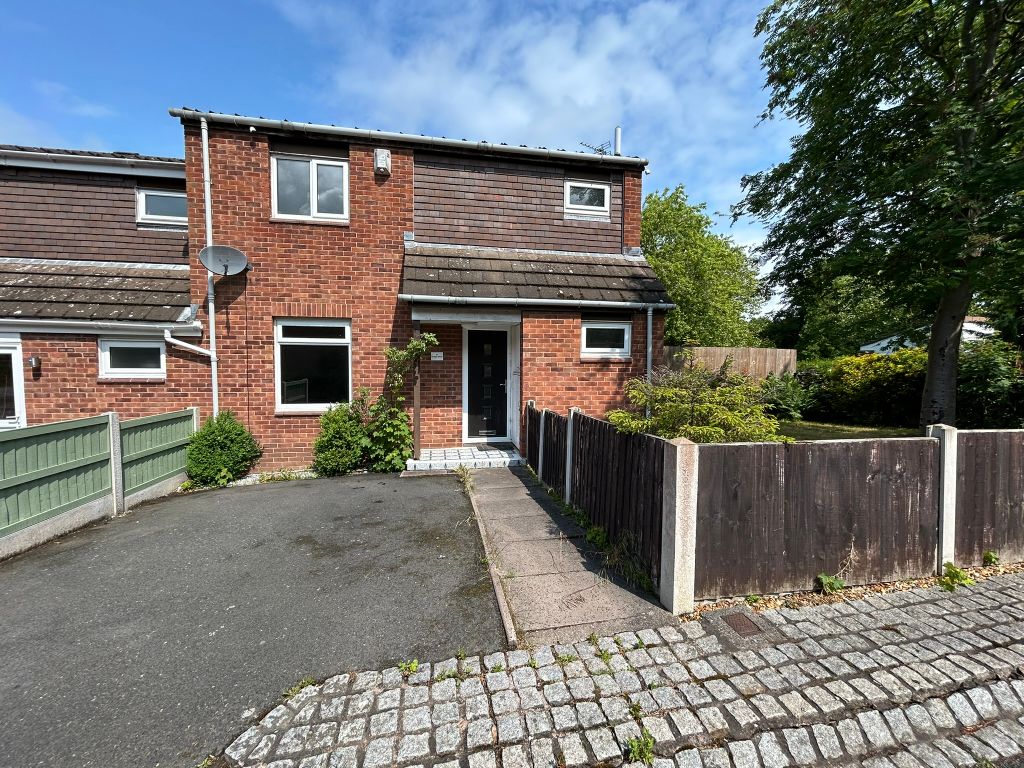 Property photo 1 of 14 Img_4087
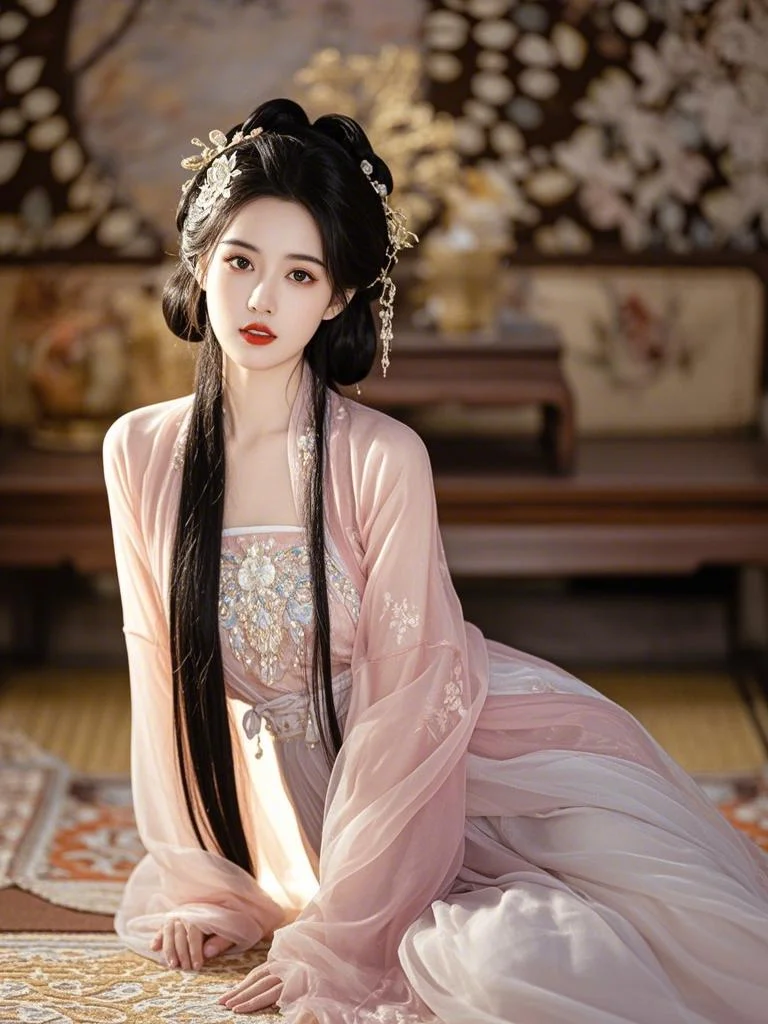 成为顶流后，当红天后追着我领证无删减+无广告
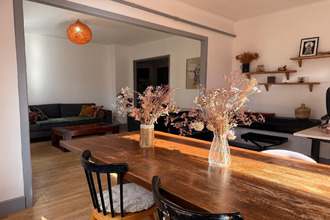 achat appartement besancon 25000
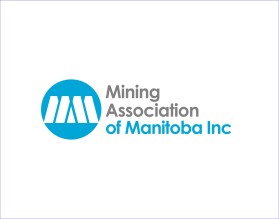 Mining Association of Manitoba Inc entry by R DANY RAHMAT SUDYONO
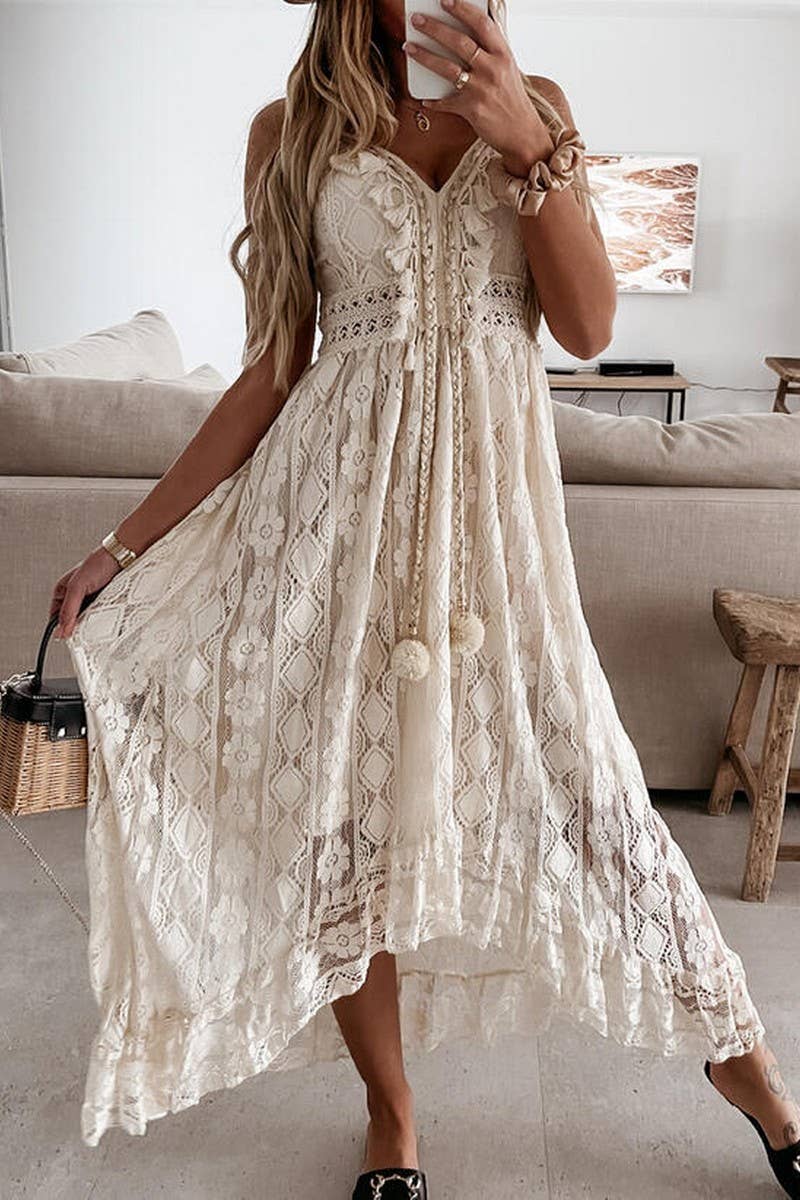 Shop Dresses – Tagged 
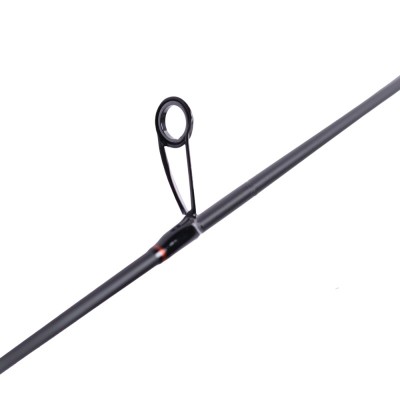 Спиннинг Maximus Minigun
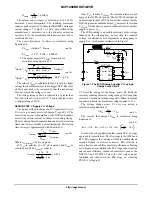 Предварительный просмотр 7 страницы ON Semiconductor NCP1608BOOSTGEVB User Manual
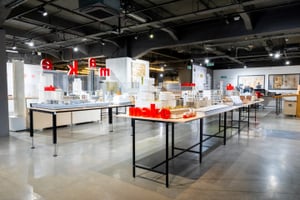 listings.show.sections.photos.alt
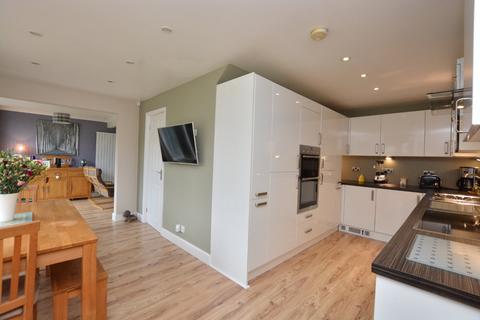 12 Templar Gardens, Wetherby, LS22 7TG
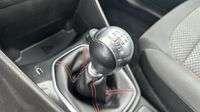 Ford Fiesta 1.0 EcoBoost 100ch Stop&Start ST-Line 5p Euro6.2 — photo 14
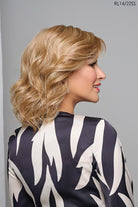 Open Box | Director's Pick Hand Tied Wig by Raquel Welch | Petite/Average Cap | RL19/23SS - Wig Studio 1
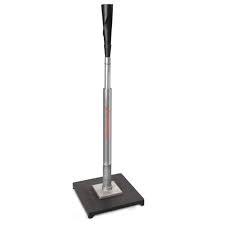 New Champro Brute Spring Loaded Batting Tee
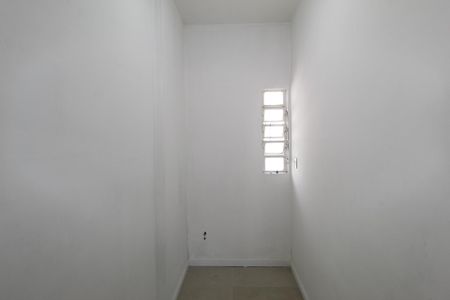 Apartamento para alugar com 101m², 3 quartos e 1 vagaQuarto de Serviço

===

REQUIREMENT
Lines from the one above containing "achat appartement besancon 25000" down to the one containing "listings.show.sections.photos.alt" should be transcribed exactly, with both ends kept and no pictures.

ANSWER TO THIS PROBLEM
 achat appartement besancon 25000
 Mining Association of Manitoba Inc entry by R DANY RAHMAT SUDYONO
 Shop Dresses – Tagged 
 Спиннинг Maximus Minigun
 Предварительный просмотр 7 страницы ON Semiconductor NCP1608BOOSTGEVB User Manual
 listings.show.sections.photos.alt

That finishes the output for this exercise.